Meret Oppenheim im Kunstforum
Widerborstig
Mit der Hoffnung auf Anpassung, so wird dabei rasch klar, sollte Jung Unrecht behalten: Meret Oppenheim, die schon mit 17 den Beschluss fasste, Künstlerin zu werden und kurz darauf die Schule abbrach, tauchte tief in die am Traum geschulte Welt der Surrealisten ein, ließ sich aber weder von ihnen noch von anderen Stil-Schulen vereinnahmen.
Gerade weil Oppenheim 1936 mit ihrer pelzüberzogenen Teetasse – vom Surrealisten-Papst André Breton als „Frühstück im Pelz“ betitelt – früh eine Ikone der Moderne schuf, fühlte sie sich genötigt, gegen einen „Markenzeichen-Stil“ anzukämpfen. Die männerdominierte Kunstwelt rechnete ihr das prompt als Beliebigkeit an.
Kunstforum-Kuratorin Heike Eipeldauer hat nun einige Themenschwerpunkte festgemacht, durch die sich Oppenheims Werk trotz aller künstlerischer Hakenschläge erschließt: Immer wieder schuf die Künstlerin etwa Selbstporträts – mit einer Röntgenkamera, einem Tattoo-Muster im Gesicht oder verschlüsselt, als angeschwemmter Steinhaufen in Frauengestalt (1935).
Behaarter Schwanz
Das Thema der Erotik findet sich bei Oppenheim mit heiligem Unernst abgehandelt: Statt der vielfach sexuell konnotierten „Pelztasse“, die im New Yorker MoMA lagert, ist als „männliches Pendant“ das Objekt „Eichhörnchen“ von 1969 zu sehen, das den behaarten Schwanz des Nagetiers mit einem Bierkrügel kombiniert.

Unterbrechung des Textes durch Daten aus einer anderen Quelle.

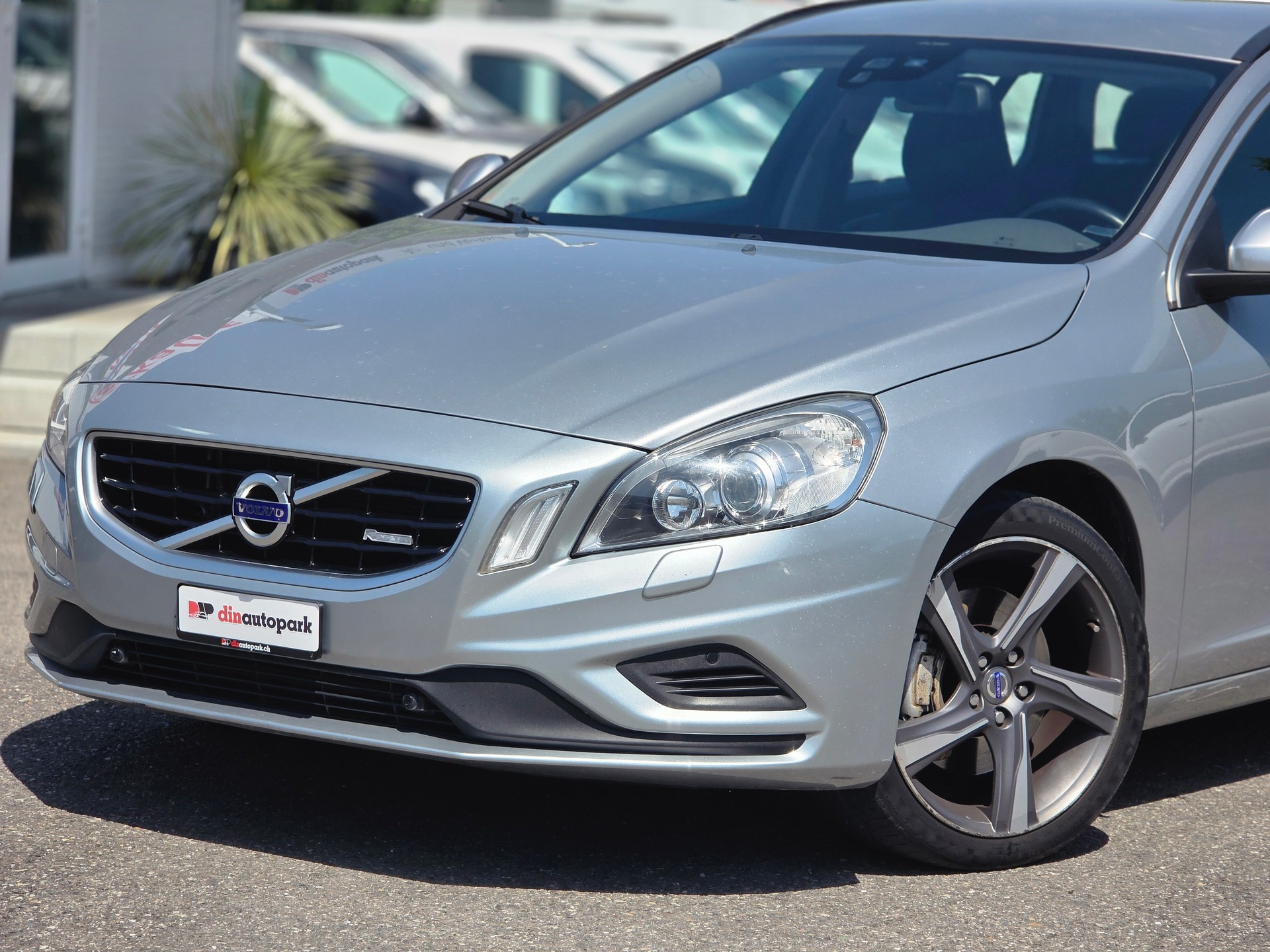 VOLVO V60 D5 AWD R-Design Geartronic * CH-Fahrzeug * 230PS *-showroom-element-2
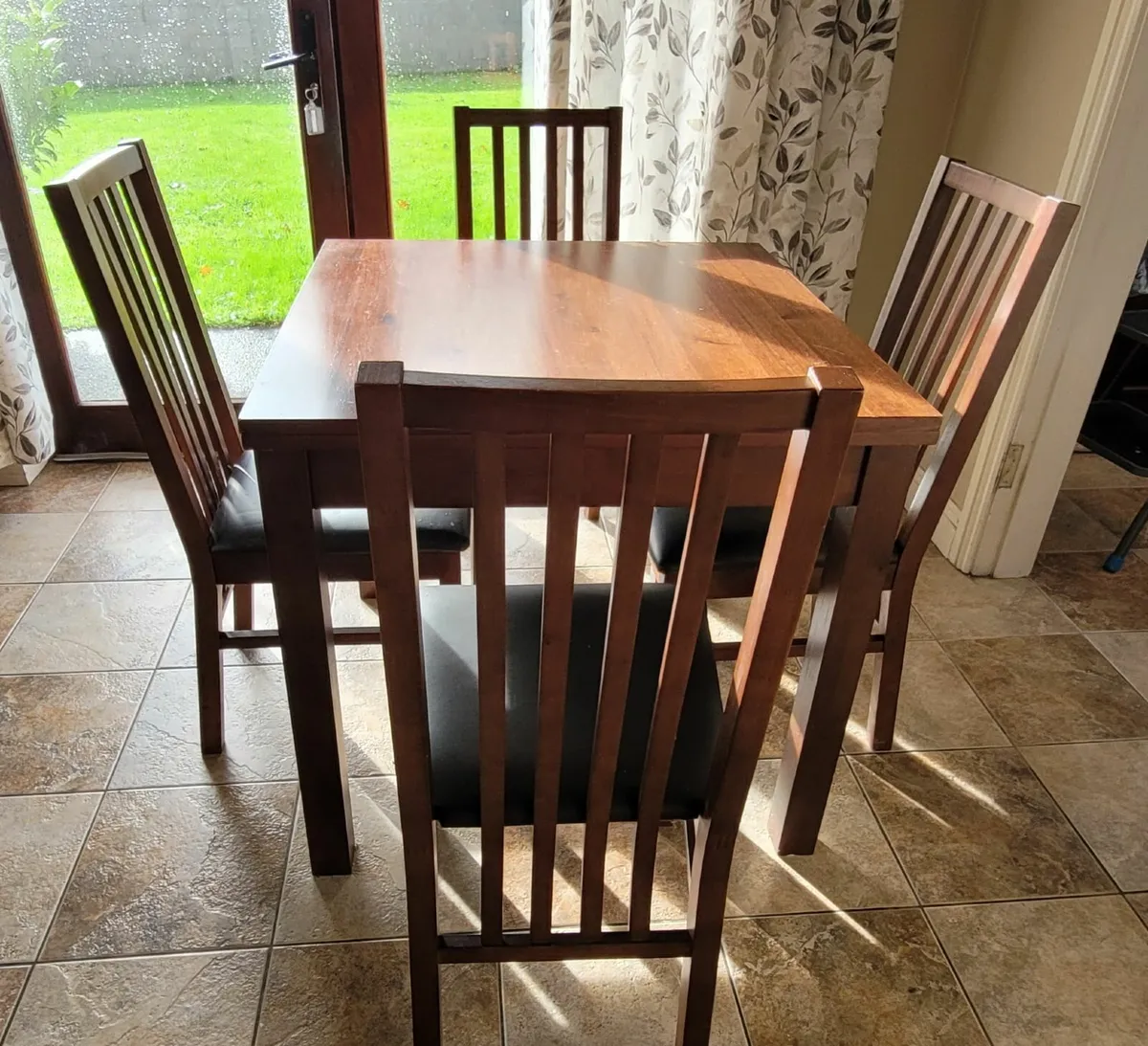 Dining Table and chairs - Image 1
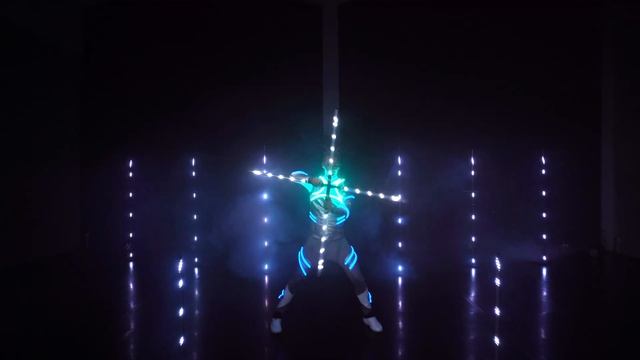 Amit Kenig 'UPGRADED' LED Staff Spinning Performance смотреть онлайн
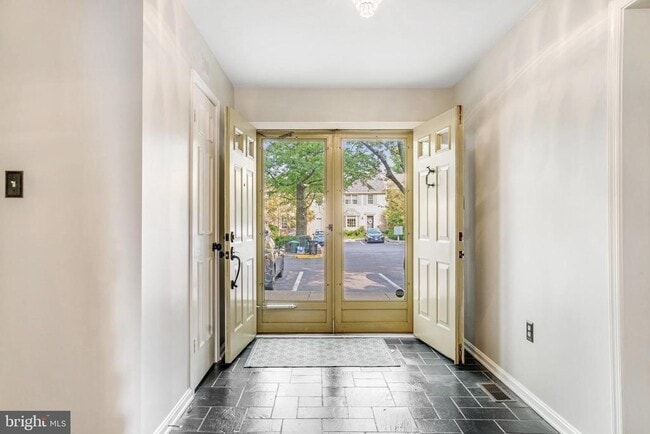 2131 Kings Mill Ct in Falls Church, VA - Building Photo - Building Photo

Die Lehren des C. G. Jung hatten übrigens einen nachhaltigen Effekt auf Oppenheim: Besonders die Idee, dass jede Seele weibliche wie männliche Teile („Animus und Anima“) beinhaltet, zeigte sich in Bildern, Objekten – und in der Selbstinszenierung der Künstlerin.
Für die feministische Kunst war Oppenheim Vorbild, gleichzeitig sträubte sie sich, von der Bewegung vereinnahmt zu werden. Impulsgeberin – Birgit Jürgenssen oder Markus Schinwald fallen als österreichische Echos ein – blieb sie dennoch. Die Retrospektive lässt Oppenheims Geist nun in formidabler Weise aufleben.